Kickback fait partie des groupes où il est impossible de savoir ce qu'il va se passer une fois sur scène, sachant que potentiellement tout le monde dans la salle est en danger. A part eux, je ne vois que Gehenna et Oxbow qui sont apte à instaurer le même climat. Et si personne ne vient faire le malin devant Robinson, Kickback ramène un certain nombre de gaziers en survet et qui font des étirements avant le show. Bienvenue à Super Pro ! Et c'est pendant Length Of Time, finalement, que le gros de la soirée côté public va se passer. A 2 morceaux de la fin, c'est pas loin de 20 types qui se foutent sur la gueule. La situation se tend, l'embrouille gonfle et se déplace dans la salle en effet boule de neige. Et voilà une vingtaine de gars foutus à la porte. 20€ la place. Quitte à se faire sortir, fallait aller ailleurs, le billet étant 2 fois moins cher sur les autres dates de la tournée. Merci la capitale !

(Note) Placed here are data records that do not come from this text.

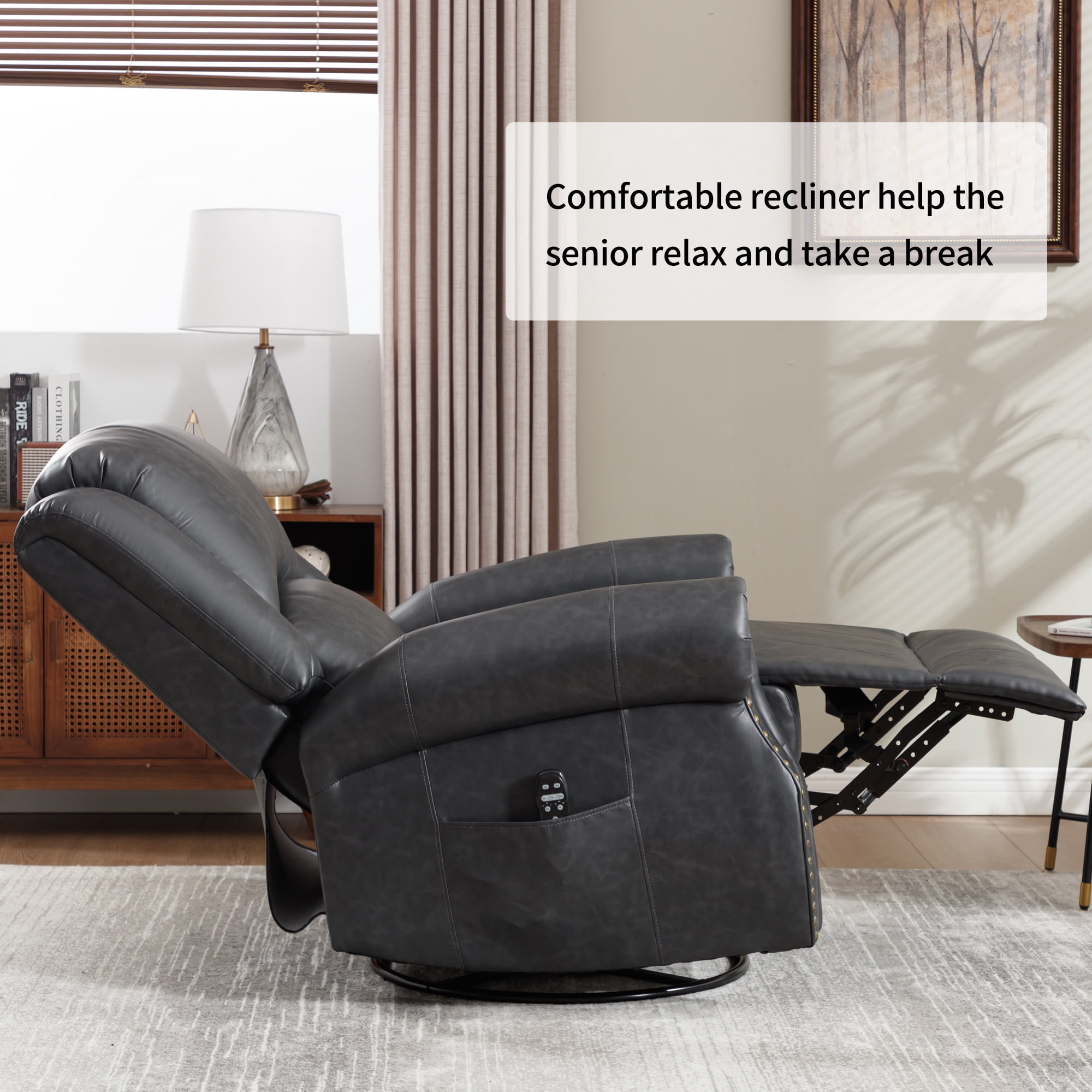 Leumius Oversized Swivel Recliner Chair for Adults,Swivel Rocker Recliner with Vibration Massage and Lumbar Heating for Living Room,Rivet Design,Gray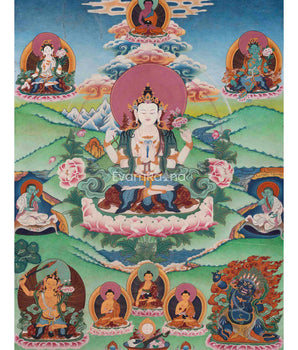 Avalokiteshvara Mantra Practice Thangka Print
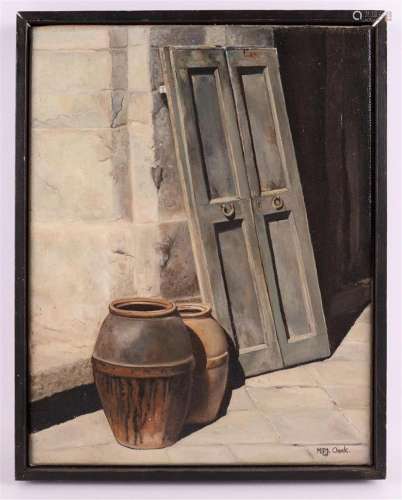 Oonk, M.F.J. 'Still life with pots at a door',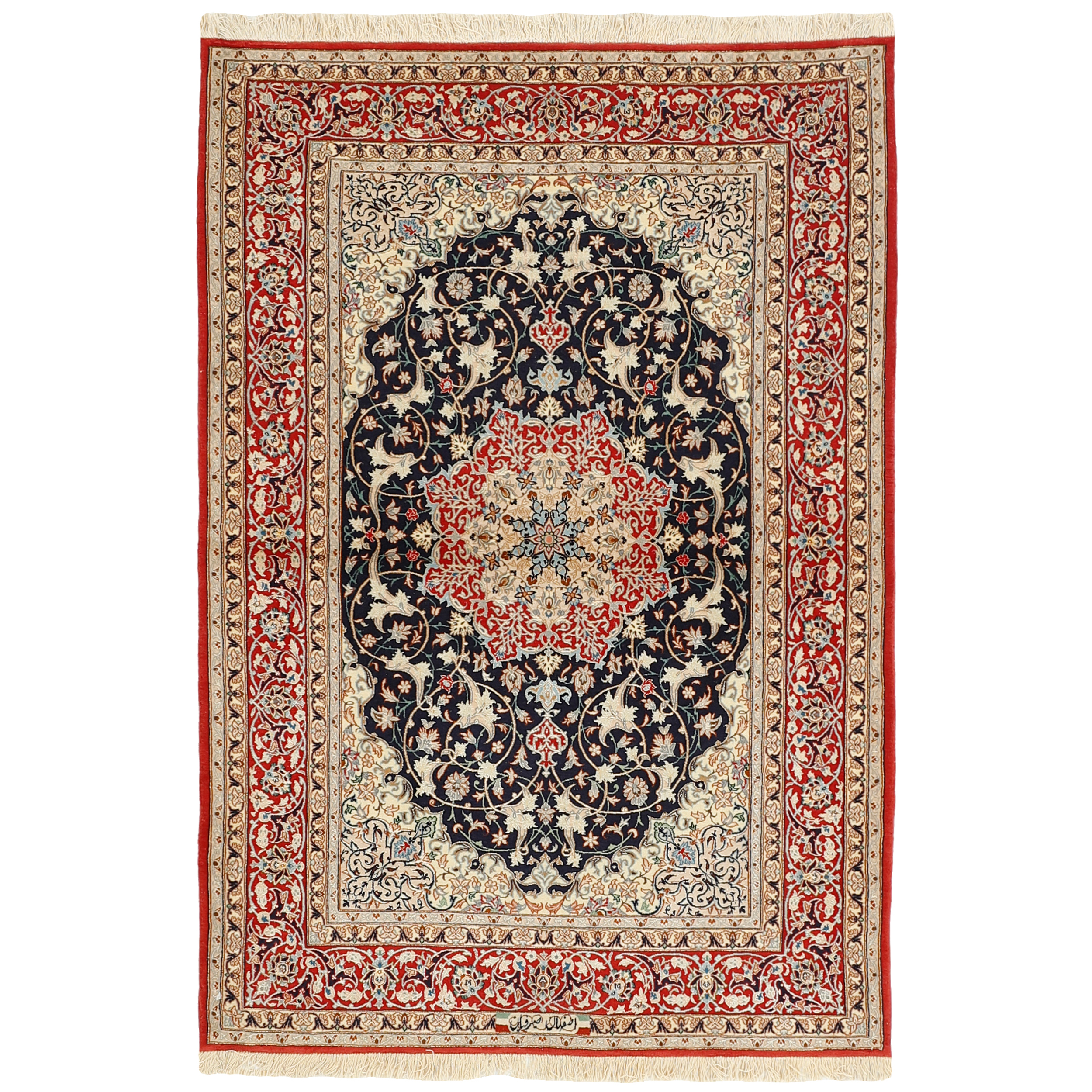 فرش قدیمی دستبافت دو متری مدل چله و گل ابریشم اصفهان کد 1216
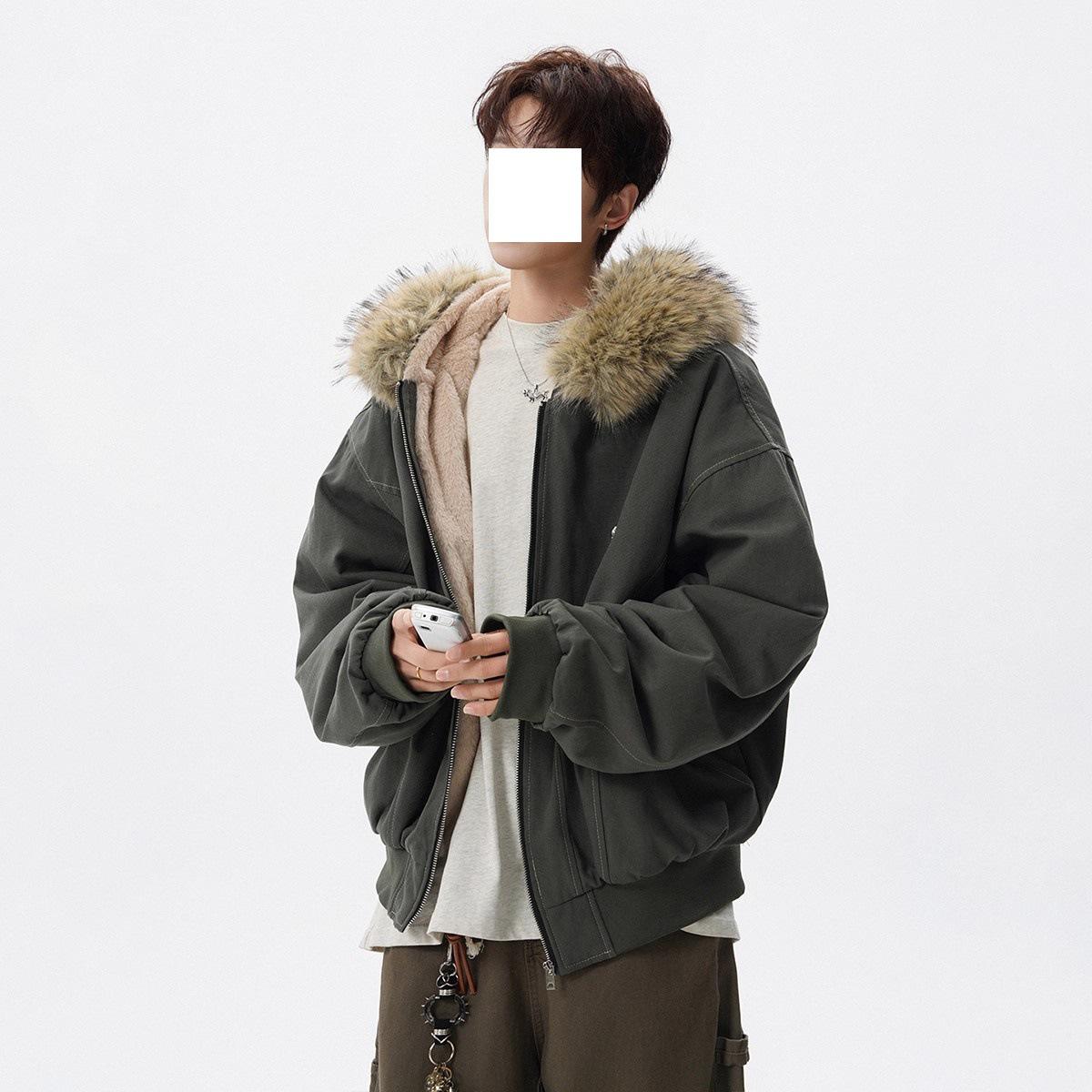 

Men s American Style Eagle Fur Collar Cotton Jacket - Retro Winter Coat, Trendy Deconstructed Design, Casual Warm Outerwear for Couples. Large зелений/сірий колір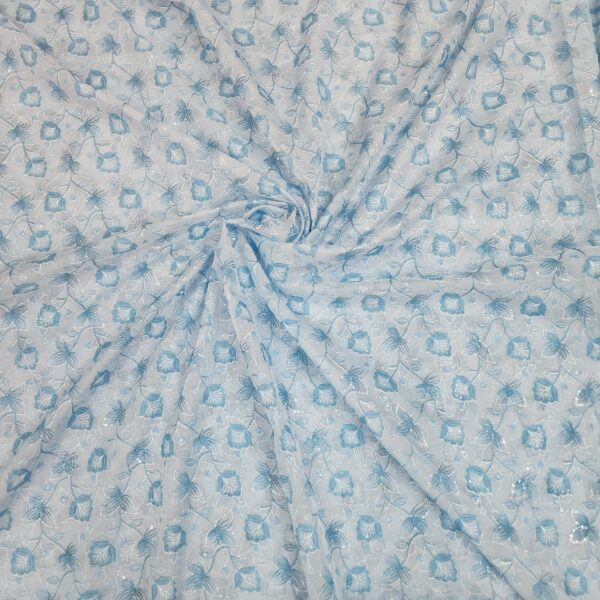 Elegant Soft Tebby Organza Fabric with Embroidery and Print - Image 3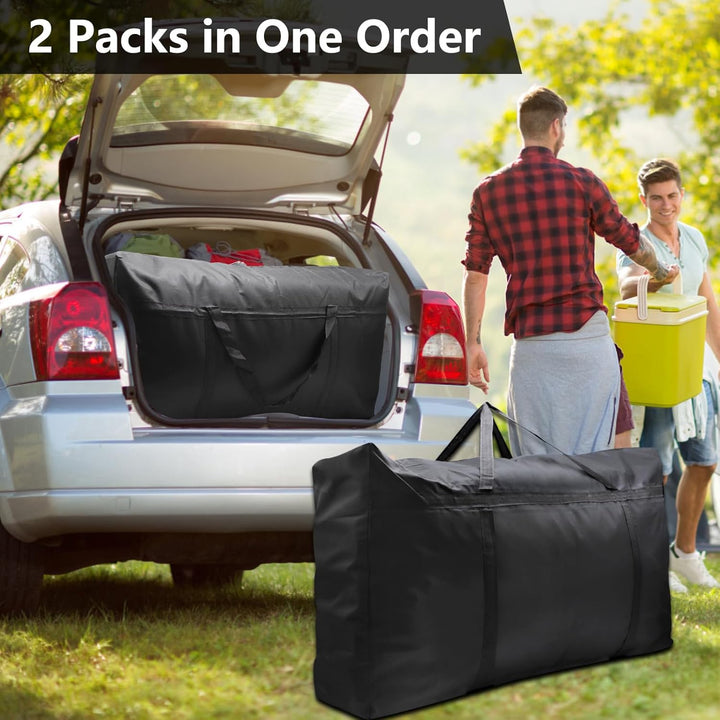 2er Pack 180L Extra Grosse Aufbewahrungstaschen, 600D Oxford Schwere Tragetaschen mit Reissverschlüs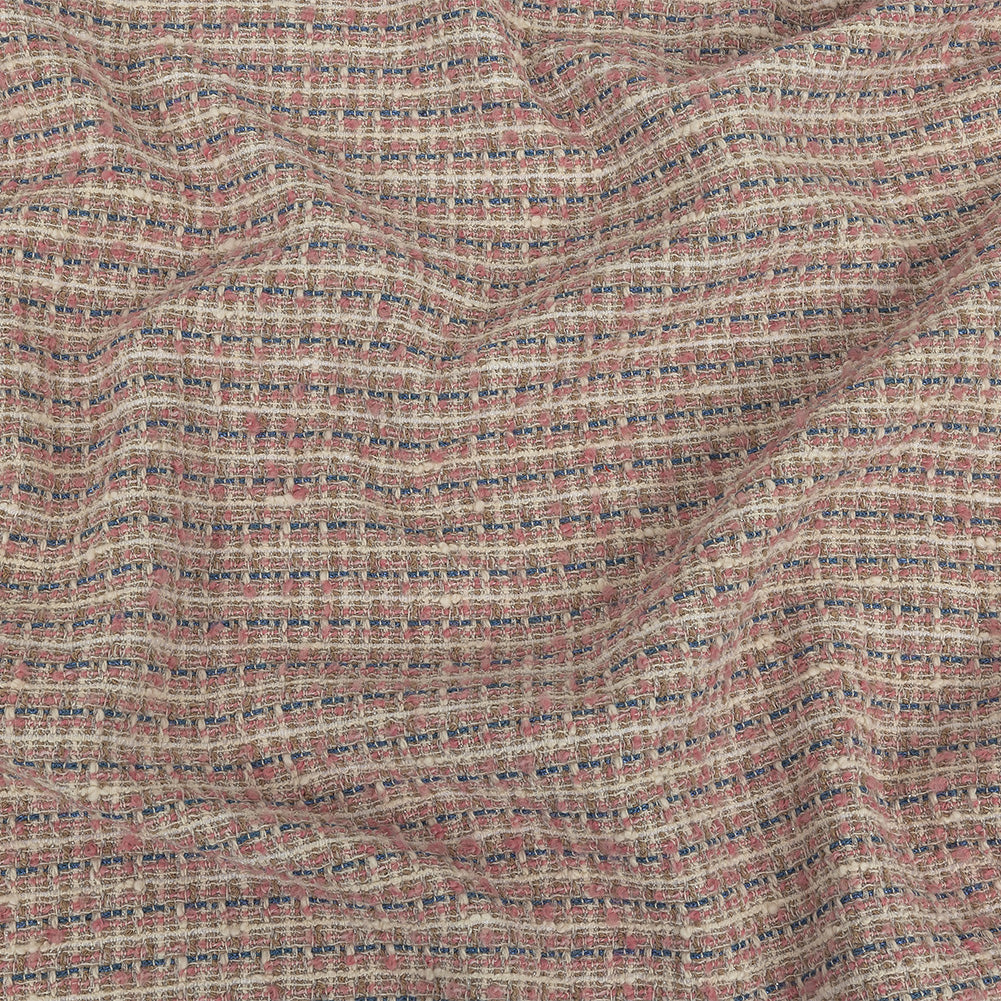 Italian Light Pink, Riviera and Metallic Silver Cotton Tweed - Joann Fabrics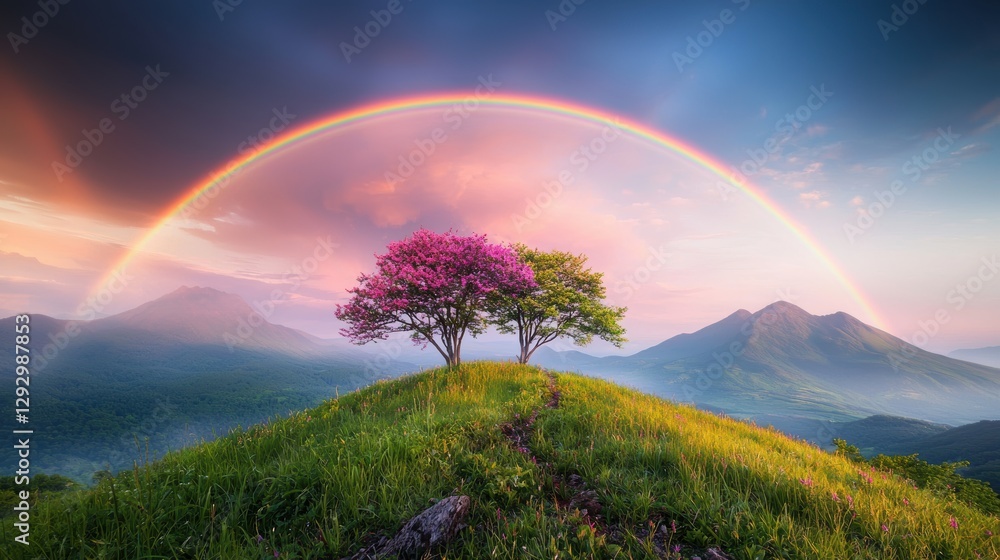Poster a panoramic view of a double rainbow over a mountain range, with the colorful arcs stretching across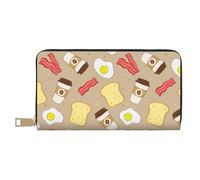 VOSERY Leather Thin Slim Wallets for Women Men - Coffee Bacon Eggs Toast Clutch Wallet for Women Men with Zipper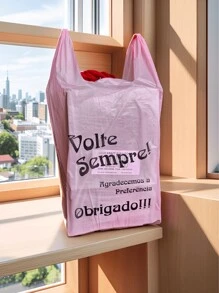 Reinforced Plastic Bag (38x50) With Pink Come Back Always Logo Pack Of 100 Units - Baby Pink - View 3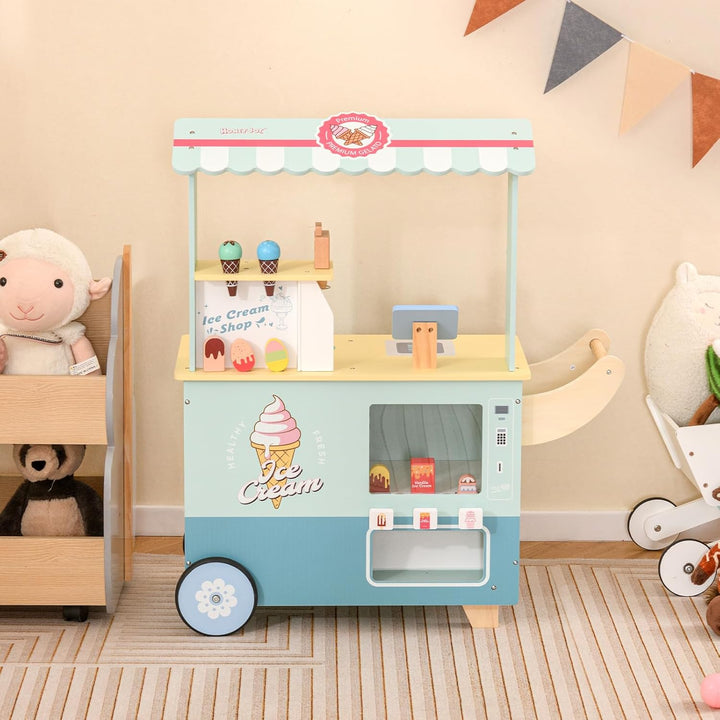 HOMASIS Kinder Eiswagen Holz mit 15 Zubehör, Kaufladen mit 6 Spielzeug-Eiscreme, Eismaschine, Verkau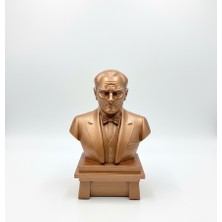 Diritech 3D DIRITECH3D Bronz Renk Dekoratif Büst Figürü ve Stand ATATÜRK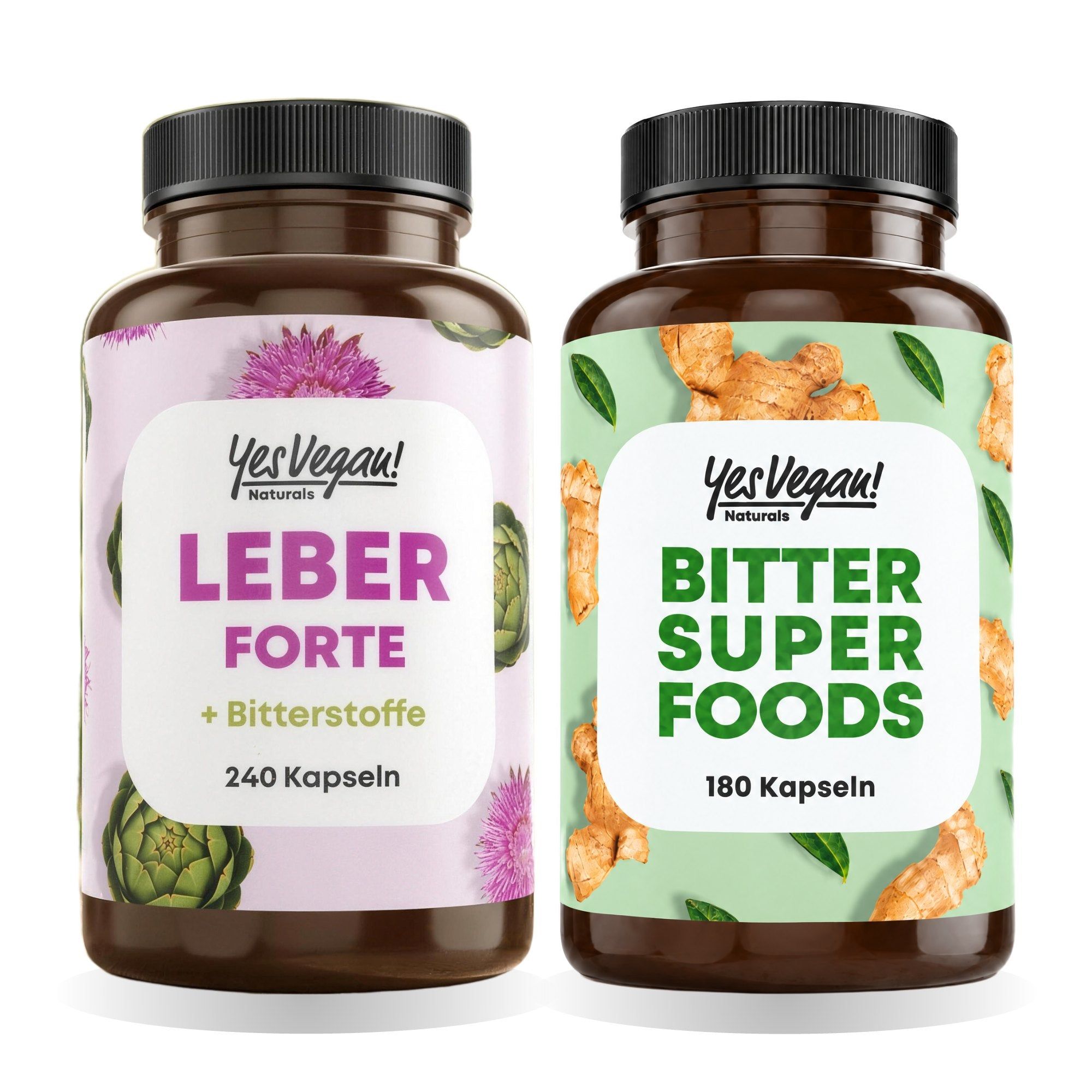 Twee flessen voedingssupplementen: Leber Forte en Bitter Super Foods.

Encore 2-3 mouvements ischios-jambiers et quadriceps et on est bons pour accueillir les mecs qui se fendent la gueule avec le Diable. Autant dire que dès que le batteur a terminé de mener la deuxième mesure le constat est clair : Kickback est imbattable sur scène. T'aimes ou t'aimes pas, les petites provocations te font rires ou pas, mais musicalement et scéniquement, c'est la taloche, avec élan certes, mais elle est bien là. Douloureuse. La scène est complètement habitée par les 5, avec un trio solide (Damien/guitare-Stephen/voix-Pascal/basse) et 2 mercenaires (second guitariste et batteur) qui ne font pas de la figuration. Le batteur notamment, arrêtons nous sur le bonhomme. Un type visiblement increvable, qui n'a, d'ailleurs, jamais chaud puisqu'il ne quittera ni sa casquette ni son hoodie de toute la soirée, alors que le gentleman n'est clairement pas économe en mouvements amples. Il tape comme une bête avec une précision remarquable, il ne fait pas tâche suite à Doucet qui tenait les baguettes pour le triple K il y a 10 piges. Je me rend d'ailleurs compte que ça fait 10 ans que je n'ai pas vu le groupe sur scène, pour le mythique concert au Pulp. En 10 ans, la haine a monté en puissance, la rage du groupe sur scène est plus importante encore. Chaque note est investit, chaque hurlement est une incantation, mais jamais sans aller dans une théâtralité metal. Le rapport est physique, le son est palpable, l'ambiance est pesante mais réelle, avec une absence totale de mise en scène.
Le groupe joue massivement des morceaux issus de ces deux derniers disques, "No Surrender" et "Le Diable rit avec nous", n'allant visiter le passé que rapidement. D'ailleurs, en allant jouer un Heaven and Hell en forme de célebration, le groupe prévient les parisiens que ce sera la toute dernière occasion de les voir dans la capitale. C'est dommage si c'est vrai : Kickback est tellement au dessus de toute concurrence sur scène que l'on ne pourra que regretter cette absence. Parce que le groupe ne fait pas que jouer une musique teigneuse et agressive : elle est aussi sauvagement bien branlée dans son "groove" (terme détesté) et son rythme ondulant et efficace. Son rock sale est aussi crade que sinueux, aussi vile qu'addictif.
Au final, on est pas chez Pinder mais on fait les comptes: une bagarre, un coup de tête, 5 ou 6 mollards, une bouteilles jetée à la console, un spot explosé, un retour malmené, 2 jets de micros, et une dizaine d'insultes.


Ps: Si tu passes ici de temps en temps, tu verras que je finirais par mettre une photo du concert. En attendant, c'est l'affiche. Bah oui, on est précaire ou on est pas, on se démerde.